My main motivation for optimizing JS and CSS is to get rendering to happen as quickly as possible.

Rendering starts very late

With this focus on rendering in mind, I went to the HTTP Archive to see how quickly we’re getting pages to render. The HTTP Archive runs on top of WebPagetest which reports the following time measurements:

  • time-to-first-byte (TTFB) – When the first packet of the HTML document arrives.
  • start render – When the page starts rendering.
  • onload – When window.onload fires.

I extracted the 50th and 90th percentile values for these measurements across the world’s top 300K URLs. As shown, nothing is rendered for the first third of page load time!

Table 1. Time milestones during page load
TTFB start render onload
50th percentile 610 ms 2227 ms 6229 ms
90th percentile 1780 ms 5112 ms 15969 ms


The fact that rendering doesn’t start until the page is 1/3 into the overall page load time is eye-opening. Looking at both the 50th and 90th percentile stats from the HTTP Archive, rendering starts ~32-36% into the page load time. It takes ~10% of the overall page load time to get the first byte. Thus, for ~22-26% of the page load time the browser has bytes to process but nothing is drawn on the screen. During this time the browser is typically downloading and parsing scripts and stylesheets – both of which block rendering on the page.

It used to be that the browser was largely idle during this early loading phase (after TTFB and before start render). That’s because when an older browser started downloading a script, all other downloads were blocked. This is still visible in IE 6&7. Browser vendors realized that while it’s true that constructing the DOM has to wait for a script to download and execute, there’s no reason other resources deeper in the page couldn’t be fetched in parallel. Starting with IE 8 in 2009, browsers started looking past the currently downloading script for other resources (i.e, SCRIPT, IMG, LINK, and IFRAME tags) and preloading those requests in parallel. One study showed preloading makes pages load ~20% faster. Today, all major browsers support preloading. In these Browserscope results I show the earliest version of each major browser where preloading was first supported.

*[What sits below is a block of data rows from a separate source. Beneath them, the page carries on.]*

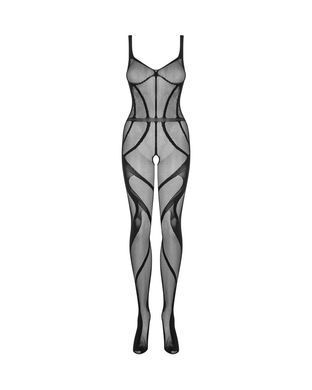 Бодистокинг-сетка с доступом и открытыми ягодицами Obsessive G336, размер S/M/L картинка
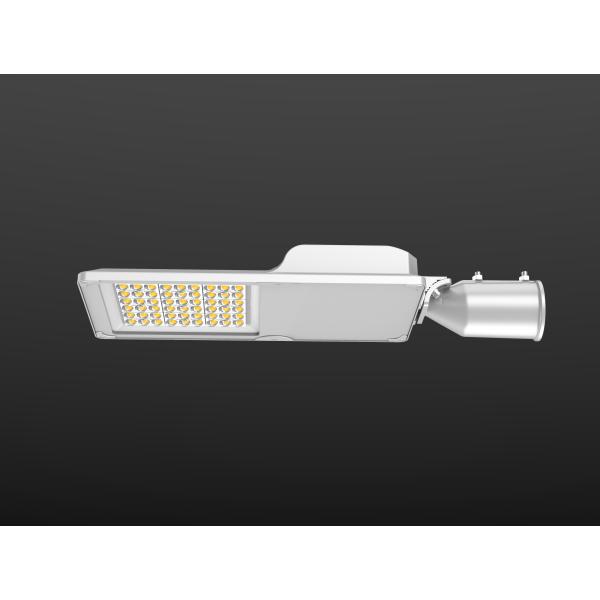 100W Aluminum LED Street Lights with Adjustable Beam Angles High Luminous Efficiency 120lm/W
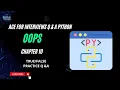 Ace for Interviews Q A Python Chapter 10 True or False Practice Questions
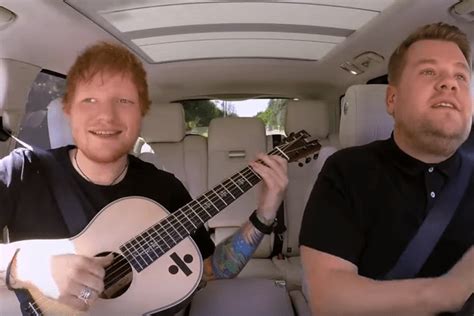 Ed Sheeran Shares a Surprising Talent in the Latest Carpool Karaoke ...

(As an aside, I think preloading is the single biggest performance improvement browsers have ever made. Imagine today, with the abundance of scripts on web pages, what performance would be like if each script was downloaded sequentially and blocked all other downloads.)

Preloading and responsive images

This ties back to this tweet from Jason Grigsby:

I’ll be honest. I’m tired of pushing for resp images and increasingly inclined to encourage devs to use JS to simply break pre-loaders.

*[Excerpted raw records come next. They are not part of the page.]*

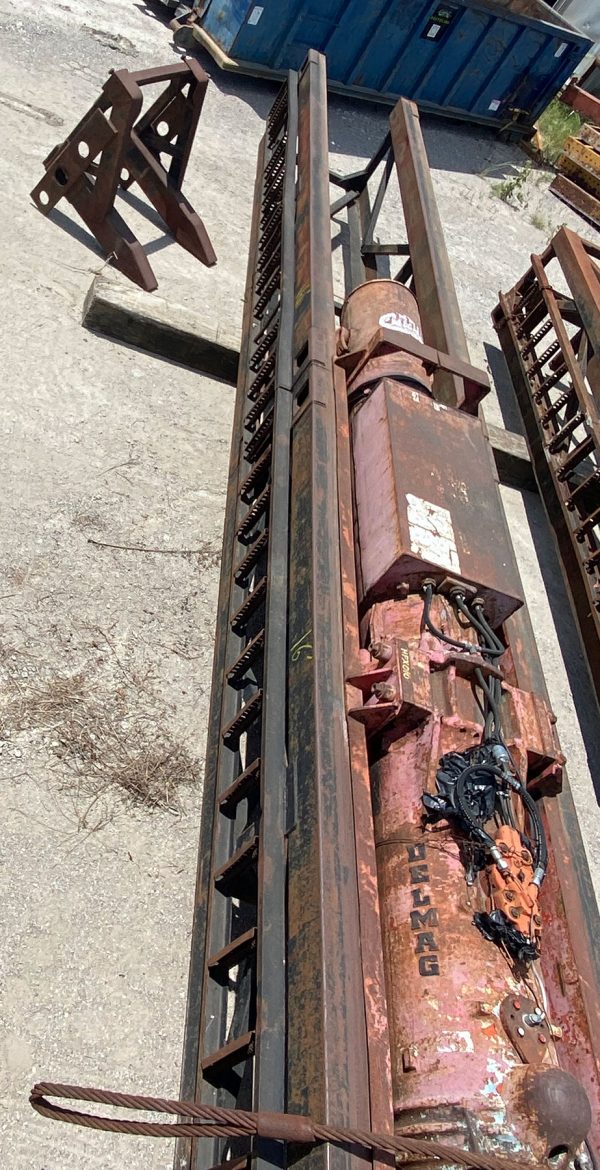 Delmag D2202 Piling Accessory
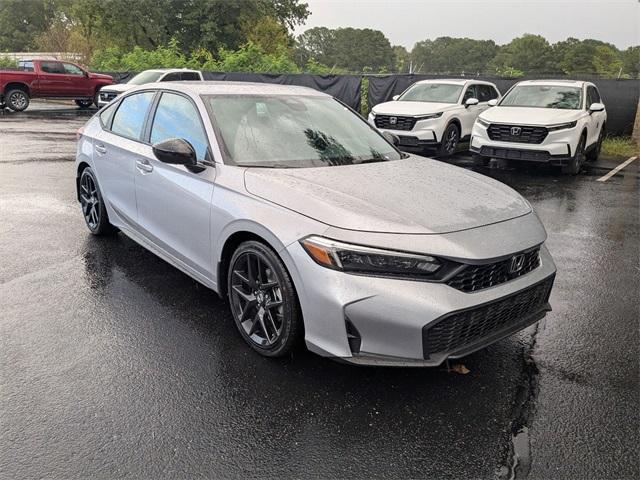 new 2026 Honda Civic car, priced at $28,990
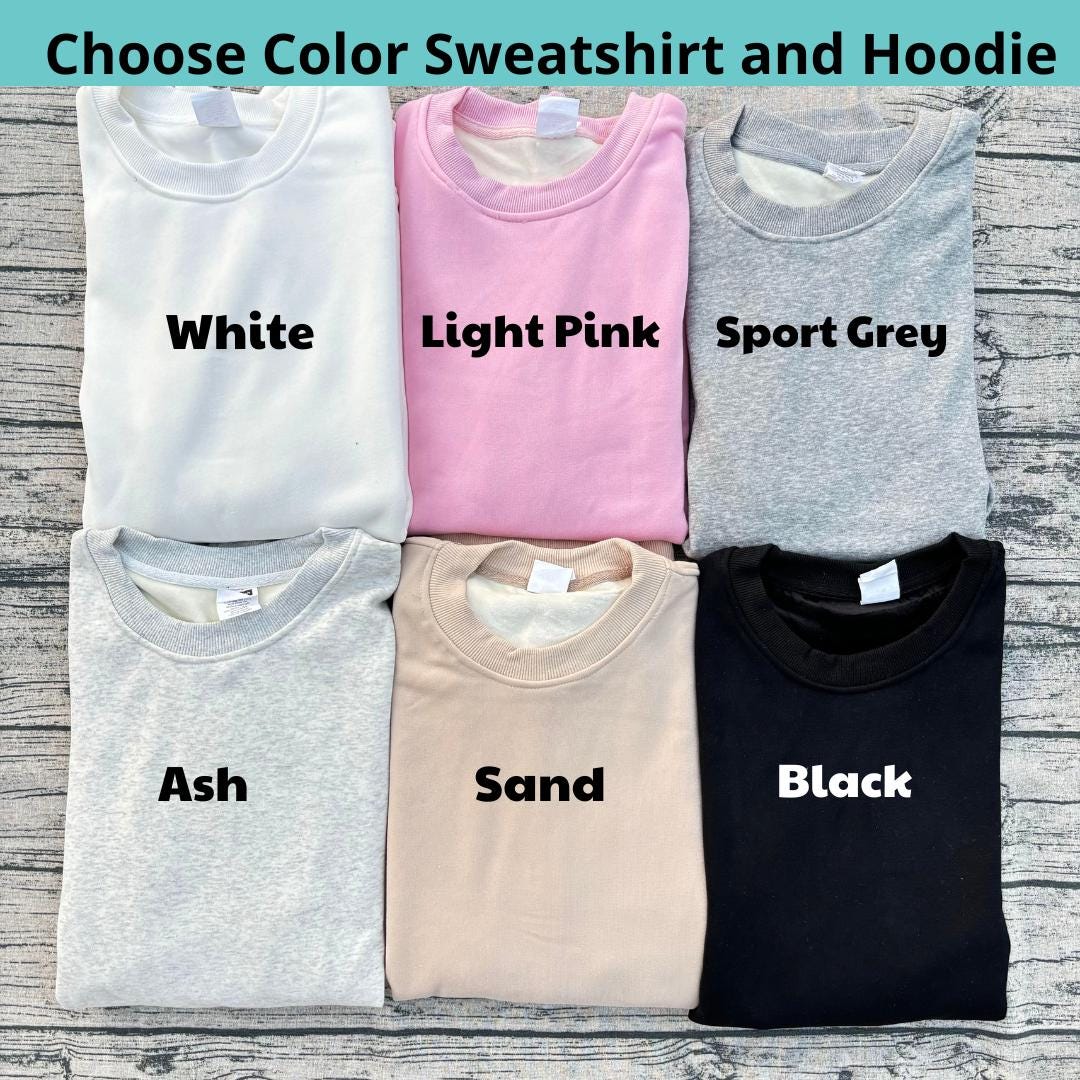 Custom Embroidered Portrait from Photo Sweatshirt, Valentines Couple Portrait, Wedding Portrait Matching Couple,Anniversary Gift,Family Gift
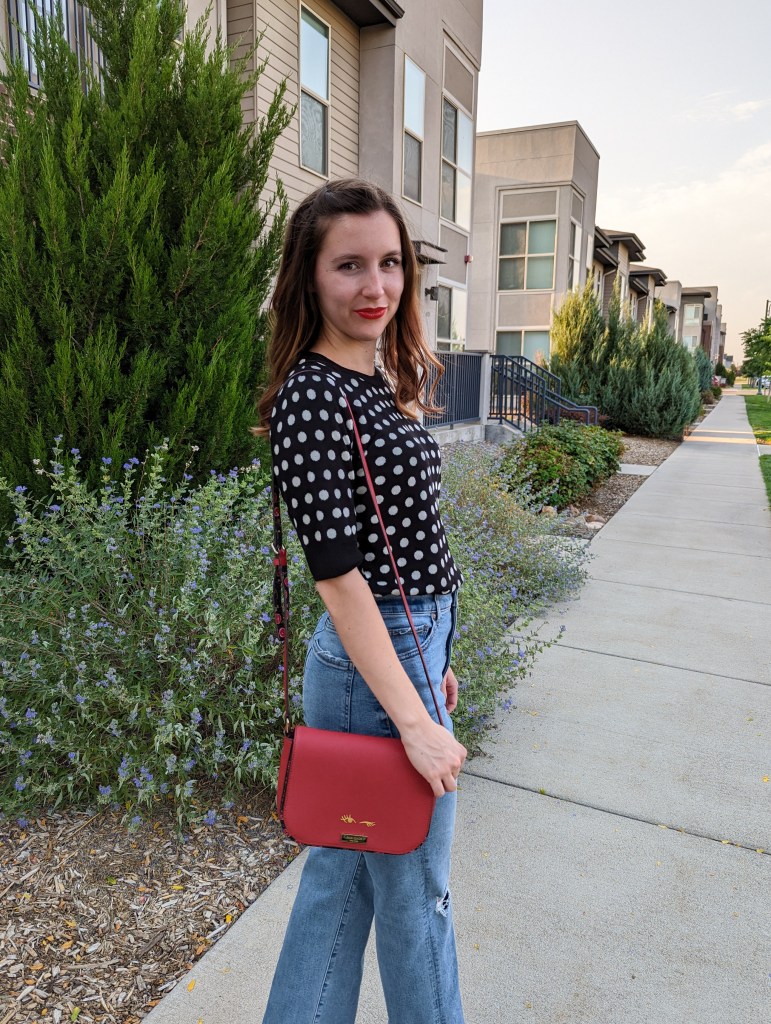 polka-dot-sweater-red-purse-kate-spade-new-york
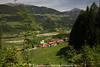 Waisach im Drautal Berge Panorama Naturidylle Bild Kreuzeckgruppe Gipfelblick Krntens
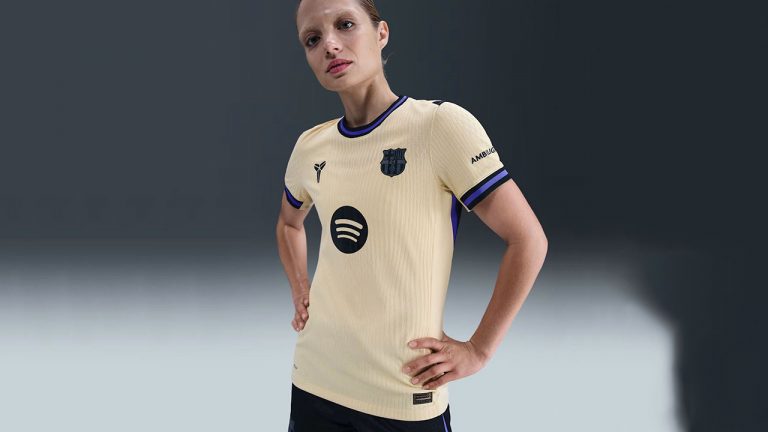 Video Maillot Extérieur Barcelone 2025/2026 – Femme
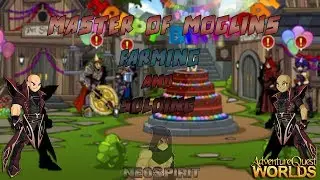 AQW : Master of Moglins (Soloing/Farming/Guide)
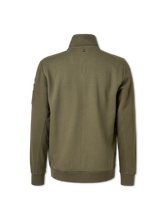 Image sur Veste en molleton à motif jacquard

The “resp images” Jason refers to are techniques by which image requests are generated by JavaScript. This is generally used to adapt the size of images for different screen sizes. One example is Picturefill. When you combine “pre-loaders” and “resp images” an issue arises – the preloader looks ahead for IMG tags and fetches their SRC, but responsive image techniques typically don’t have a SRC, or have a stub image such as a 1×1 transparent pixel. This defeats the benefits of preloading for images. So there’s a tradeoff:

  • Don’t use responsive images so that the preloader can start downloading images sooner, but the images might be larger than needed for the current device and thus take longer to download (and cost more for limited cellular data plans).
  • Use responsive images which doesn’t take advantage of preloading which means the images are loaded later after the required JS is downloaded and executed, and the IMG DOM elements have been created.

As Jason says in a follow-up tweet:

The thing that drives me nuts is that almost none of it has been tested. Lots of gospel, not a lot of data.

I don’t have any data comparing the two tradeoffs, but the HTTP Archive data showing that rendering doesn’t start until 1/3 into page load is telling. It’s likely that rendering is being blocked by scripts, which means the IMG DOM elements haven’t been created yet. So at some point after the 1/3 mark the IMG tags are parsed and at some point after that the responsive image JS executes and starts downloading the necessary images.

In my opinion, this is too late in the page load process to initiate the image requests, and will likely cause the web page to render later than it would if the preloader was used to download images. Again, I don’t have data comparing the two techniques. Also, I’m not sure how the preloader works with the responsive image techniques done via markup. (Jason has a blog post that touches on that, The real conflict behind <picture> and @srcset.)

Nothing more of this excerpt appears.